(Stored data):
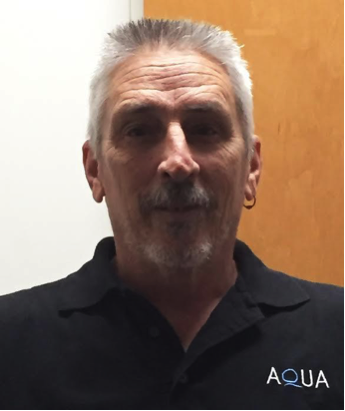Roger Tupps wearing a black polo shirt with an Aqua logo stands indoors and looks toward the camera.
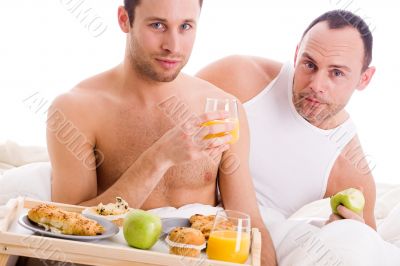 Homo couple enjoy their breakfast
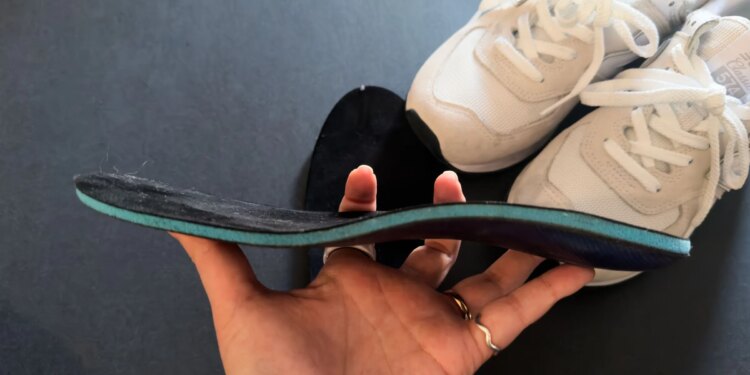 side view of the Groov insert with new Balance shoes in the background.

==

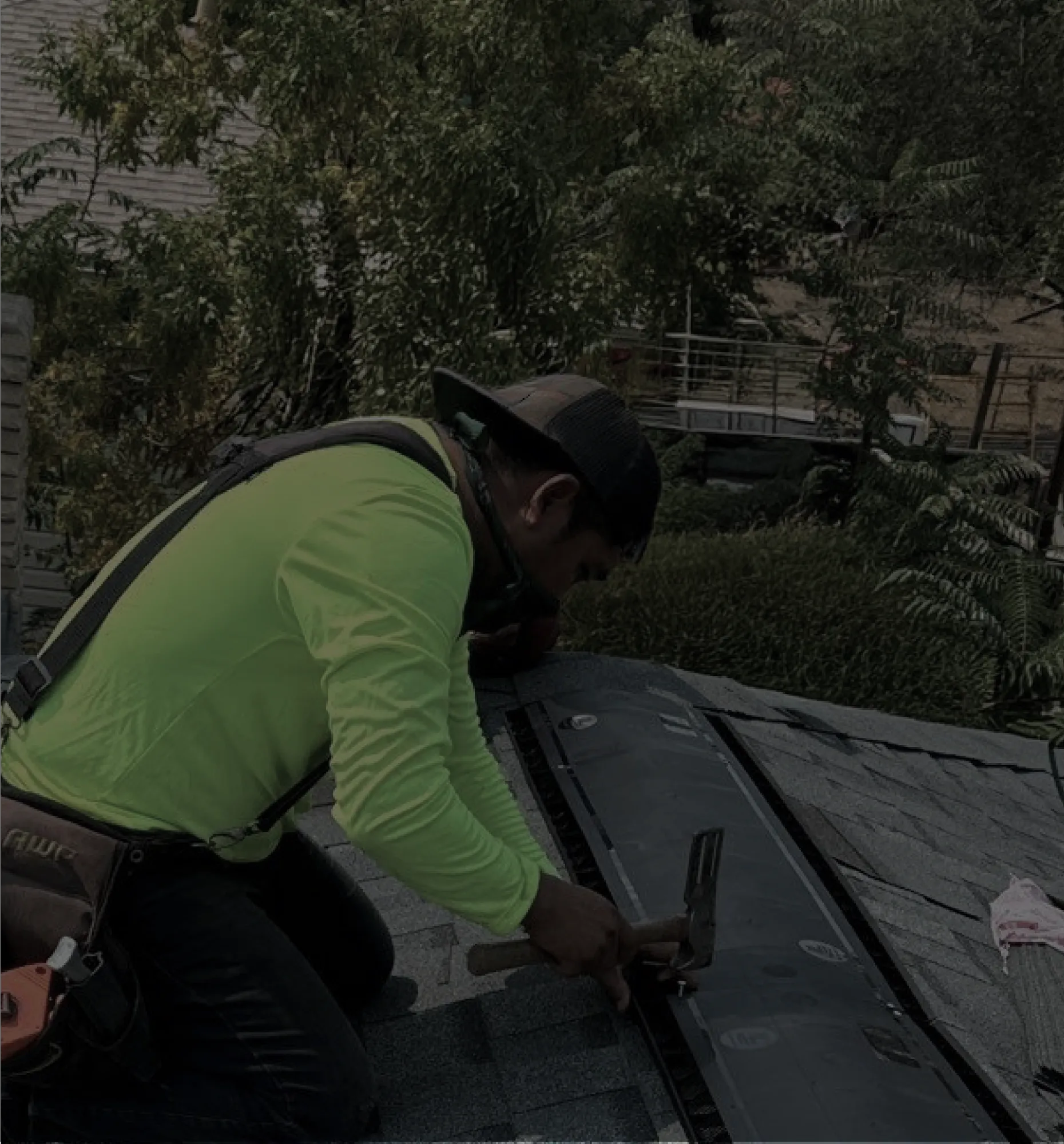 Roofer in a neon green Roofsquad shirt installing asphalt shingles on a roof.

(Exercise):
Starting at the line containing "Roger Tupps wearing" and finishing at the line containing "side view of", return those lines exactly as they appear above, without the pictures.

(Response area):
Roger Tupps wearing a black polo shirt with an Aqua logo stands indoors and looks toward the camera.
 Homo couple enjoy their breakfast
 side view of the Groov insert with new Balance shoes in the background.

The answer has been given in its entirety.